The next session I went to was on Shakespeare in the Regency era. Fiona Ritchie gave a great presentation on Dorothy Jordan's response to the Old Price riots. Though she was touring in Birmingham at the time, she heard about the events at Covent Garden and wrote about them. Franklin Hildy then gave a fascinating talk about period-appropriate productions of Shakespeare. He presented the novel idea that it was Regency fashion, in particular the replacement on knee breeches with trousers, but also the simplified fashions more generally, that made Shakespeare for the first time sound odd when performed by actors in modern dress. It was only then that antiquarian productions started to become popular, a fact Hildy linked to the simplified cuts of modern clothes not matching the complexity of poetic language.
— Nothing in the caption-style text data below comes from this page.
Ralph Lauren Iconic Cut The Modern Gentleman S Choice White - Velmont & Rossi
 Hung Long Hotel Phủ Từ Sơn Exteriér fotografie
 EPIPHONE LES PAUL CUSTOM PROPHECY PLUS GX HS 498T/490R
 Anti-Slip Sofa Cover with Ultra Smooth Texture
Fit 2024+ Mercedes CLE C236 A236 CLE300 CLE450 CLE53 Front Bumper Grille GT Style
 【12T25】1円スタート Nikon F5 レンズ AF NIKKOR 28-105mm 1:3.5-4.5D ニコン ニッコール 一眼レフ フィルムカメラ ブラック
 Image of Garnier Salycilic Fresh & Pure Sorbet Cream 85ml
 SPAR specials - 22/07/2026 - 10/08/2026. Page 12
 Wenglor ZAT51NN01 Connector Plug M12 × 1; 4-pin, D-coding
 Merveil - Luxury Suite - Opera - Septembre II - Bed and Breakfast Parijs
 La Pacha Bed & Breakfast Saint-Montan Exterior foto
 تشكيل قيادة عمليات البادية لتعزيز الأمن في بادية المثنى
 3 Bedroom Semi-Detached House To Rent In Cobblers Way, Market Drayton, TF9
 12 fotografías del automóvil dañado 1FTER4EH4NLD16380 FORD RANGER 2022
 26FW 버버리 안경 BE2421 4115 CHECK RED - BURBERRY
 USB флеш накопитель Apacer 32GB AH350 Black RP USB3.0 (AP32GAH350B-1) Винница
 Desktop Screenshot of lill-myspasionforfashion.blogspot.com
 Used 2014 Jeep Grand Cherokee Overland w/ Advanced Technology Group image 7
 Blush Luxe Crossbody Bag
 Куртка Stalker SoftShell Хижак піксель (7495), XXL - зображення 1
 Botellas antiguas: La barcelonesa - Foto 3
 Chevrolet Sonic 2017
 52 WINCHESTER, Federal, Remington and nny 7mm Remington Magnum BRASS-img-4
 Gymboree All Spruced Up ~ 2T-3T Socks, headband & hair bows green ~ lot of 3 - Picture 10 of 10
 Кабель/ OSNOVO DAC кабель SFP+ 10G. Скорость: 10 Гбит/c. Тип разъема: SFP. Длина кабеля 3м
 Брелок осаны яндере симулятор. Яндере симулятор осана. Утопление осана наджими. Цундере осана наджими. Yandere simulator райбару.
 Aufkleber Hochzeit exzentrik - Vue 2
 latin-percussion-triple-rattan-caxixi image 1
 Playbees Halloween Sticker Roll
Celina Fox gave the keynote address about public entertainments in London functioning as a type of theatre. She mentioned that the last Frost Fair was when the Thames froze over in 1814, which was the occasion for a massive fair out on the ice. Later that year was the Great Jubilee, celebrating the centennial of the Hanover Dynasty, as well as the anniversary of the Battle of the Nile. Fox walked us through a number of other public festivals as well, going up to the coronation of King George IV in 1820.
In the afternoon, there was a great session on Hippodrama, with presentations by Ellen K. Gjervan, David and Cassie Mayer, and Lucy Barnes. They discussed some of the plays of the period that called for horses on stage, including The Blood Red Knight, Timour the Tartar, and Mazeppa. Theatres also used horses to stage recent battles, as when J.H. Amherst wrote plays about Napoleon. In many cases, both the human and equine actors were veterans of actual battles.
My own panel came later in the afternoon, with Terry Robinson speaking about Sarah Siddons and Michael Gaunt speaking about George Frederick Cooke and the mysterious disappearance of his skull. He was able to tell me that the Stranger's Vault, where Cooke was originally buried, no longer exists. (I had looked for it at St. Paul's Chapel, but had not had any luck. No wonder why!) I then gave my one presentation on Eliza O'Neill, which I thought was well received.
We then had a performance of reconstructed period acting, and then the conference gala dinner. Tomorrow, I hope to attend sessions on melodrama and on the theatre architect James Winston. It should be fun!